救済要求をする。
オリンピックが終わって、ずいぶんと更新を怠ってしまいましたが、気持ちを入れ替えて書いていきます!
さて、今回は抗議の権利の回にも書いた規則60の権利の2つ目、救済要求について確認していきたいと思います。
60.1 艇は次のことができる。
(a)他艇を抗議する。
(b)救済要求をする。
(後略)
抗議は艇にしかできません。レース委員会の手違いや避けられない/守るべき事由等によって自艇(だけでなくても)が明らかに順位が悪くなった場合、救済要求を検討します。
分かりやすくするため、「レース中の自艇に救済を要求する場合」のケースとして、以下に規則をまとめます。
62 救済
62.1 救済要求(中略)は、レースのレースまたはシリーズにおける艇の得点または順位が、その艇の過失ではなく、以下のいずれかの理由により、明らかに悪くなったかまたは悪くなるかもしれないという主張または可能性に基づくものでなければならない。
(a) 大会のレース委員会、プロテスト委員会、主催団体、テクニカル委員会の不適切な処置または不手際。(後略)
(b) 第2章の規則に違反して適切なペナルティーを履行した艇、ペナルティーを課された艇、またはその艇を避けている必要があったか(中略)過失があったと判定されたレース中でない船舶の行動により被った傷害または物理的損傷。
(c) 規則1.1に従って救助(自艇またはその乗員に対する救助を除く)を行ったこと。
(d) 規則2に基づくペナルティー、または規則69に基づくペナルティーもしくは警告を受けることになった、他艇またはその乗員もしくは支援者の行動。
つまり救済とは、
・自分の過失ではなく
・大会運営の不手際、他艇の影響による傷害/物理的損傷、もしくは基本規則である規則1(安全)・規則2(公正な帆走)を遵守した、(の)ために
・得点/順位が悪くなった/なる場合
に、要求することができるものです。
やり方は抗議をするのと同じで、書面(審問要求書)で提出します。
62.2 救済要求は書面でなければならず、要求する理由を特定していなければならない。
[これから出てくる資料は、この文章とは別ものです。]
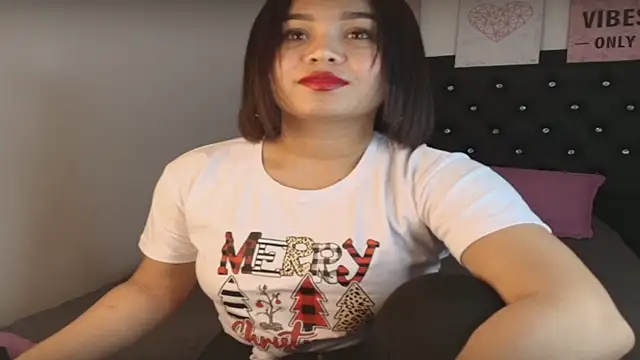 Snapshot of LoliitaBennett chatting on December 19, 2025, 1:20 am LoliitaBennett online show from December 19, 2025, 1:20 am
救済要求がレース・エリアで起こったインシデントに基づくものである場合には、抗議締切時刻またはそのインシデントから2時間後のいずれか遅い方までに、レース・オフィスに提出されなければならない。それ以外の救済の要求は、要求する根拠を知った後、常識的にできるだけ早く提出されなければならない。(中略)赤色旗は必要としない。
もちろん、抗議と同様、要求したからと言って救済されるとは限りません。
審問において、自艇に過失がない証明・運営に不手際があった証明・それによって順位が悪くなった証明等、これらの立証をできないと救済されないこともあるでしょう。
なお、判決で救済されることになった場合、同じ要因(レース委員会の不手際等)で影響を受けた艇は救済要求していなくても結果が調整される場合があります。
64.3 救済の判決
プロテスト委員会は、ある艇が規則62に基づき救済を受ける資格があると判決した場合、救済を求めたか否かにかかわらず、影響を受けたすべての艇に対してできるだけ公平な調整を行わなければならない。(後略)
そして、規則には救済があった場合の指針もありますので、これをベースに調整されるケースが多いでしょう。
A9 救済についての指針
(前略)
(a) 問題のレースを除き、その艇のシリーズでの全レースの平均に等しい小数点以下第1位までの得点(小数点以下第2位を四捨五入)。
(b) 問題のレースより前の全レースの平均に等しい小数点以下第1位までの得点(小数点以下第2位を四捨五入)。
(c) 救済が正当とされたインシデントの時点におけるそのレースでのその艇の順位に基づく得点。
規則60に通じる全てのことですが、抗議も救済要求も、義務ではないということもポイントです。
他の規則も含め、英語の原文は明確ですので、解釈に迷ったら原文を見てみてください。